I went to the V&A Dundee, and all I got was a badge with the word “potato” (blame the artist David Shrigley) written on it.
The building is exciting – slightly forbidding from the exterior, but, inside, you feel as if you’re in a supersized yurt lined with marmalade-coloured wood.
We enjoyed the permanent display of design treasures, but felt a bit seasick about the £12 admission to see temporary exhibition, Ocean Liners: Speed and Style, especially since I’d already spent £2.99 on my badge.
And, since it was fully booked at their first floor restaurant, Tatha Bar and Kitchen, we had to take our Titanic-sized appetites elsewhere.
From the waterside flank of the V&A, look across the Tay and you can see the whitewashed pub/restaurant/hotel that is The Newport, whose young chef patron, Jamie Scott, won MasterChef: The Professionals in 2014. More recently, it was awarded AA Restaurant of the Year 2018-19.
We crossed over the bridge, pulled into the car park and wondered if we were in the right place.

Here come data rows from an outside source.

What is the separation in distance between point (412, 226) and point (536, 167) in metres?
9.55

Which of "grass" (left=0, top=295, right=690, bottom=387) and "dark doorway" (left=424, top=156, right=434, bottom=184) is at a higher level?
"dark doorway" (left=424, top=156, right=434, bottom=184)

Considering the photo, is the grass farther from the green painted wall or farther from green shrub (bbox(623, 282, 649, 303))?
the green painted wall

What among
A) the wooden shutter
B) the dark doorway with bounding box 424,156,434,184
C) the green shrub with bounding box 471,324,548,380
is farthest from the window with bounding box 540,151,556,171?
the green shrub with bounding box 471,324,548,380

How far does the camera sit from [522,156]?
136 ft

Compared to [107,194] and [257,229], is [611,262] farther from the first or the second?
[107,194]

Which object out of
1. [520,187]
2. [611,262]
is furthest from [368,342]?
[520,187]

Unless there’s another entrance that we’d missed, you have to cut through the bar to get in. That meant walking across the boozers’ line of sight while they were watching the sport on the telly. They loved us.
Once you’re through the right door, with its porthole, there’s a stripped back vibe. No white linen, or anything fancy, apart from tulips on the table, and blackboards with cocktail descriptions stencilled on.
It’s as low-fi as any £25 a main course restaurant I’ve been to.
However, I guess it’s all about the direct view across the water, which is lovely. The menu also reads beautifully.
From the To Start section, we tried treacle cured beef (£11), which came as a large saucer of tartare.
This malty meat was mixed with seeds and tiled with petals of pickled mushroom and carrot, nasturtium leaves, and blobs of velvety smoked mayonnaise. I doubt there’s a better way to get your iron fix.
My Scrabster monkfish (£13) was subtle and breezily light, like a silk head scarf you might wear on the deck of The Love Boat, with three pieces of fish and a creamy spume, some sweet fennel jam, a few buttery mussels, stubs of salsify and sea purslane.
The Ardgay venison (£28) main course I’d chosen from The Middle list featured two cross sections of venison loin, which were very petite but beautiful, with crystals of sea salt along their grain.
They came with carrot, squash, some black cabbage and other savoy cabbage-y bits. However, as someone who could sniff out a leftover Celebration down the back of a neighbour’s sofa, I couldn’t detect the “bitter chocolate” ingredient that had been billed. Maybe my choc-dar is on the blink.
Our Scrabster cod (£25) main, served on a plate that had ridges like a cockle shell, starred a flaxen skinned piece of fish along with parsley root crisps, carrots, and bits of bone marrow in the jus. All lovely, apart from the clutch of dense and dry gnocchi.
My pudding was the best thing. It was titled “tagh mi suas” (£9) – Gaelic for “pick me up” and, thus, was a take on tiramisu.
The only problem with eating in a MasterChef winner’s restaurant is that you can imagine Gregg Wallace going all googly over the desserts. This would get a slurpy suck of saliva, followed by a “laaah-vly”.
Making up for the absence of choccy in my starter, it consisted of a shiny dome of Edinburgh’s Chocolate Tree cocoa-ness, filled with a transparent coffee gel that had been hewn with beans from Sacred Grounds in Arbroath.
And, there was a contrastingly savoury scoop of Katy Rodger’s crowdie on the side. Our seabuckthorn tart (£8) featured a sort of curd filled tart, with its potential citrus werscht-ness softened by sweetness.
It was topped by a perfectly burnished teepee of Italian meringue and came with a scoop of vanilla ice-cream.
All wonderful, though the tagh mi suas is the creation that could really get a spot in the V&A gallery.
I could be persuaded to fork out a £12 admission fee for that.